Wie ein gigantisches Gedächtnis hält das Internet Informationen zum Abruf bereit – mit zwei entscheidenden Vorteilen: Im Gegensatz zum menschlichen Erinnerungsvermögen verfügt es über nahezu unbegrenzte Kapazitäten. Und es vergisst nicht. Genau das möchte der Harvard-Professor Viktor Mayer-Schönberger ändern. Er schlägt vor, gespeicherte Informationen mit einem Verfallsdatum zu versehen. Läuft dieses ab, so werden die Daten automatisch gelöscht.

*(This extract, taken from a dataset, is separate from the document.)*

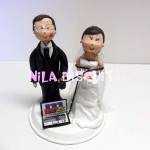 Noivinhos do bolo de casamento enrolados no fio do notebook  se conheceram via internet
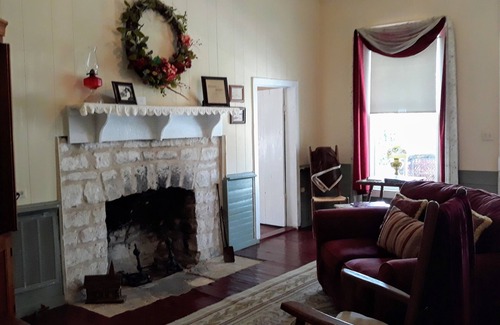 Dripping Springs Bed & Breakfast | Exceptional Stay at Clara's House - Homestead B&B with Breakfast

Schluss mit dem Datenwust!
Dieser Vorschlag soll die rapide anschwellende Informationsflut im Internet stoppen. Experten sprechen schon von einer „Datenexplosion“ und warnen vor einem Mangel an Speicherplätzen. Dies kann man nicht nur auf einen Anstieg an Webseiten zurückführen; gespeichert wird nahezu alles: auch bloße Anfragen an Suchmaschinen sowie Metadaten, also Informationen über Zeit und Ort der Speicherung. Anbieter von Archiven, die auch ältere Zustände von Internetseiten konservieren, sorgen dafür, dass wirklich nichts vergessen wird.
Wenn Partybilder zum Verhängnis werden…
Mayer-Schönberger kritisiert diesen Zustand: Kein Mensch kann überschauen, was von ihm gespeichert und somit anderen zugänglich ist. Dies stelle eine große Gefahr für die persönliche Entfaltungsfreiheit dar. Im schlimmsten Fall muss man damit rechnen, dass zum Beispiel ein potentieller Arbeitgeber auf alte Partybilder oder Beiträge auf Foren stößt – unter Umständen solche, die nicht den besten Eindruck machen.
Selbst hat man solche „Jugendsünden“ vielleicht schon längst verdrängt; das Internet vergisst nichts. Zeit spielt hier keine Rolle – alte und neue Informationen werden vollkommen gleichberechtigt gespeichert. Weil dies aber nicht ihrer Relevanz in der Wirklichkeit entspricht, bedarf es nach Mayer-Schönberger der Korrektur über ein Verfallsdatum. Das Wissen um ein solches soll der Gewährleistung der Meinungsfreiheit dienen: Nur wer keine Furcht vor unliebsamen Konsequenzen noch in fernster Zukunft haben muss, wird seine Ansichten auch im Internet frei äußern.